Location (UCSC)Chr 2: 208.24 – 208.27 MbChr 1: 65.16 – 65.19 Mb
PubMed search[3][4]
View/Edit HumanView/Edit Mouse

Isocitrate dehydrogenase 1 (NADP+), soluble is an enzyme that in humans is encoded by the IDH1 gene on chromosome 2. Isocitrate dehydrogenases catalyze the oxidative decarboxylation of isocitrate to 2-oxoglutarate. These enzymes belong to two distinct subclasses, one of which uses NAD+ as the electron acceptor and the other NADP+. Five isocitrate dehydrogenases have been reported: three NAD+-dependent isocitrate dehydrogenases, which localize to the mitochondrial matrix, and two NADP+-dependent isocitrate dehydrogenases, one of which is mitochondrial and the other predominantly cytosolic. Each NADP+-dependent isozyme is a homodimer. The protein encoded by this gene is the NADP+-dependent isocitrate dehydrogenase found in the cytoplasm and peroxisomes. It contains the PTS-1 peroxisomal targeting signal sequence. The presence of this enzyme in peroxisomes suggests roles in the regeneration of NADPH for intraperoxisomal reductions, such as the conversion of 2,4-dienoyl-CoAs to 3-enoyl-CoAs, as well as in peroxisomal reactions that consume 2-oxoglutarate, namely the alpha-hydroxylation of phytanic acid. The cytoplasmic enzyme serves a significant role in cytoplasmic NADPH production. Alternatively spliced transcript variants encoding the same protein have been found for this gene. [provided by RefSeq, Sep 2013][5]

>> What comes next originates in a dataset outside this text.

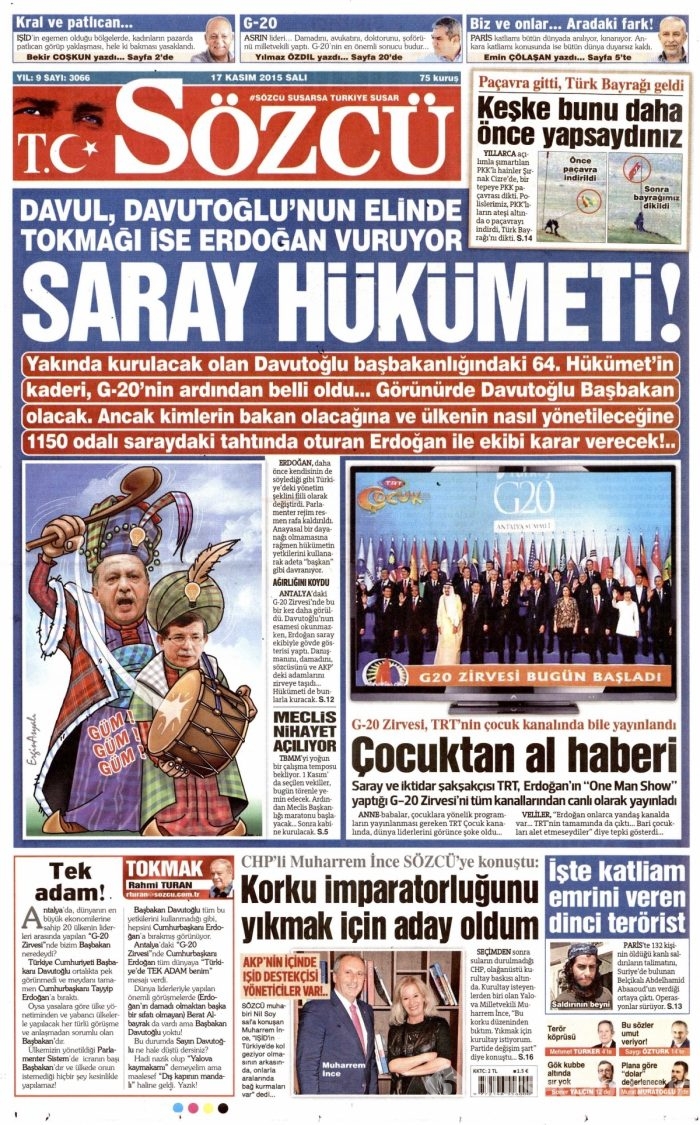 Gazete manşetleri (17 Kasım 2015)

IDH1 is one of three isocitrate dehydrogenase isozymes, the other two being IDH2 and IDH3, and encoded by one of five isocitrate dehydrogenase genes, which are IDH1, IDH2, IDH3A, IDH3B, and IDH3G.[6]

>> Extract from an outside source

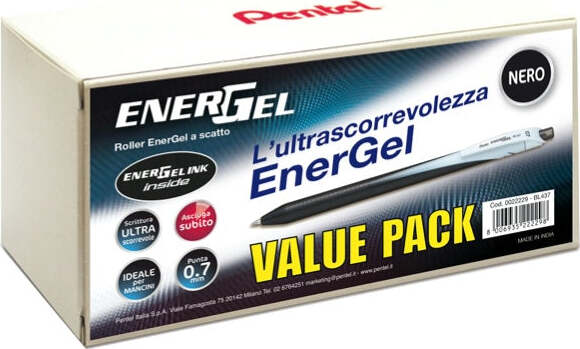 Roller a scatto Energel Slim - punta 0 7 mm - nero - value pack 20+4 pezzi Cancelleria e prodotti per ufficio/Penne matite scrittura e correzione/Penne e ricariche/Penne roller a inchiostro gel Eurocartuccia - Pavullo, Commerciovirtuoso.it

IDH1 forms an asymmetric homodimer in the cytoplasm and carries out its function through two hydrophilic active sites formed by both protein subunits.[7][8][9][10][11] Each subunit or monomer is composed of three domains: a large domain (residues 1–103 and 286–414), a small domain (residues 104–136 and 186–285), and a clasp domain (residues 137 to 185). The large domain contains a Rossmann fold, while the small domain forms an α/β sandwich structure, and the clasp domain folds as two stacked double-stranded anti-parallel β-sheets. A β-sheet joins the large and small domains and is flanked by two clefts on opposite sides. The deep cleft, also known as the active site, is formed by the large and small domains of one subunit and a small domain of the other subunit. This active site includes the NADP-binding site and the isocitrate-metal ion-binding site. The shallow cleft, also referred to as the back cleft, is formed by both domains of one subunit and participates in the conformational changes of homodimeric IDH1. Finally, the clasp domains of both subunits intertwine to form a double layer of four-stranded anti-parallel β-sheets linking together the two subunits and the two active sites.[11]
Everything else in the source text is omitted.